Healing and Grace

It’s been almost a year since I grabbed the opportunity to leave a job where it had become increasingly obvious I wasn’t wanted. The new offer was so perfect I had to accept. It’s been a great year

I mooooved on

Today I attended the yearly conference put on by my old employer. It was my first time as a customer. Customers are way more welcome than technical writer managers, so that was good. Other than accidentally starting to attend a session by one of the people who uh, um, wasn’t a fan of me, it was interesting and I learned a lot, especially from other customers.

I just breathed and thought of the beautiful sunrise. Tuesday is sunrise day, because of the 7 am meeting.

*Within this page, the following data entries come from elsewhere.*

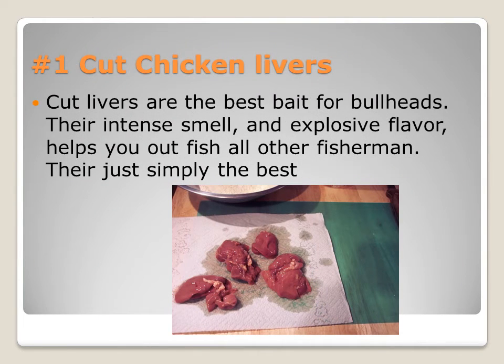Cut chicken livers — these are the best. They have an intense smell and explosive flavor. If you've ever fished with someone who knows about catfish and bullheads, they will tell you that chicken liver is just the best. Hard to get on the hook, but it's worth it.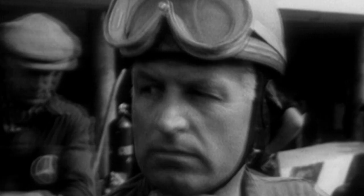Helmets became compulsory for Formula 1 in 1953. First there were open face designs like this one here, but Jochen Rindt changed them in 1970 when a little stone flew into his face during a race in France. Today, driving at full speed without a visor would be impossible.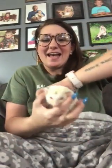Hi guys, it's Miss Tiffany and Mary. Today I have a special guest with us — Alice! Alice is named after Alice in Wonderland because they both have pale features. Alice is an albino hedgehog.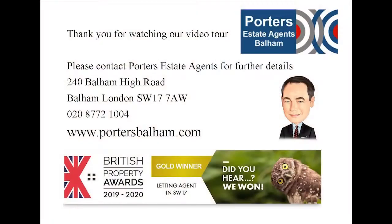Thank you for watching our video tour of Putney Bridge Road. It really is a very spacious flat and great for local amenities. If you have any questions or indeed wish to arrange a viewing, please do contact Porter's Estate Agents on 020 8772 1004.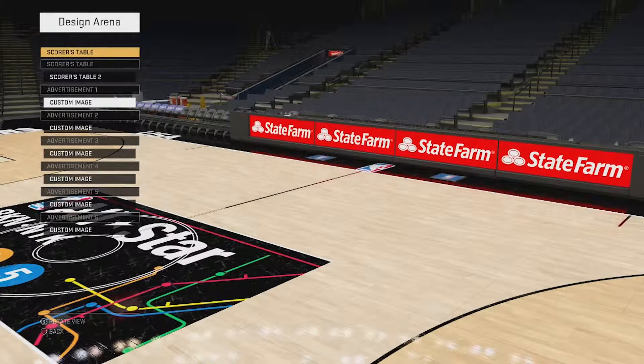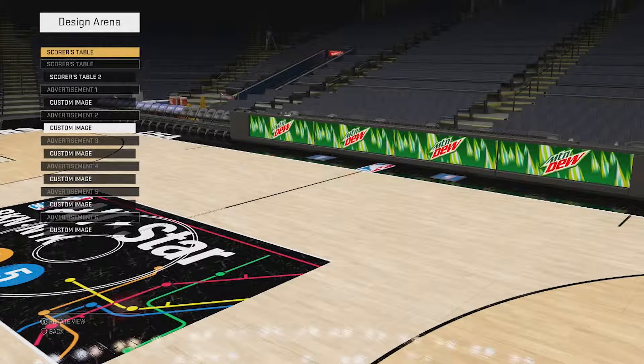Sorry guys, it's late, but just give me some suggestions and I'll see what I can do. So the first one we have here is the State Farm design — really clean, red background, gives you that little diversity in your scores table colorway.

The healing came as the day went on. I’ve heard from very few people who still work at that company, which are fewer by the day. And I have not asked the ones I hear from what’s going on there; I just keep up with the products. So, I was touched that some people reached out to me today. That felt so nice, especially since people I’d asked for help before I left had not even said goodbye. Well, only one person did.

It’s okay.

But to hear kind things and learn how some folks were doing felt healing. There’d been no closure after ten years there. The good wishes helped. Right now, with my focus on keeping just what’s good in life, I’m feeling a sense of grace.

Transformation time.

Well it’s either grace or a fever from getting both the new COVID booster and a flu shot today. No horse riding today. Sore arms.

I wish you healing and the ability to move on.

There and Back Again

Well, dang it, I was not elsewhere for very long! Like the Hobbit, I was there and back again. As anyone who’s my Facebook friend already knows, I discovered that the conference I went to Kerrville to attend was not happening. There were two others there wondering what the heck was going on, too. We couldn’t even get ahold of anyone listed as being in charge of the conference for a long time. So, we spent some time looking at the endless supply of taxidermized animals in the hotel lobby. I love the fact that the mother and baby giraffe had a sign that said they died of natural causes. You know, it’s an art and everything, but taxidermy isn’t one of my favorites.

Finally, Tiffany, the mom in the other group, got in touch with the AgriLife folks in Kerr County, who informed us the conference had been canceled. I called and gave them my name and number, and they promised we’d get contacted by someone who knew something. The Smith family, who had driven five hours, went to visit some relatives. I decided to have a “me” day, and sought out a coffee shop to ponder my plans.

Someone can’t read

I really liked the Pax coffee shop I found. The coffee was Cuvee Coffee from Austin, which I like a lot, and the honey-infused latte was quite yummy and the avocado toast was seasoned well. I know a person who goes by “Pax” from my old church, so I got them one of the t-shirts from the shop. They are pretty, too.

After a little walk around downtown Kerrville, I went off to Fredericksburg, my favorite place to go off to, to be honest. I had a lot of fun visiting all the shops I miss so much, like the fantastic Native American jewelry store I like so much (I got a ring with snakes on it by Effie Calavaza, who was Zuni), where I got to listen to a phone call in Navajo. That doesn’t happen often.

Snake on the other side had red eyes

After enjoying the hat place, the boot place, the fancy clothing place, and a candle place, I headed over to the wine place. That’s the Becker winery shop. I’ve been a member of their wine club for three years and this was the first time I even got to take advantage of my free glass of wine per visit perk. I just sat there in a big ole leather chair, knitted on my next blanket, and felt all fancy. Since I took the contractor gig I hadn’t taken any time off. It felt good to have no agenda.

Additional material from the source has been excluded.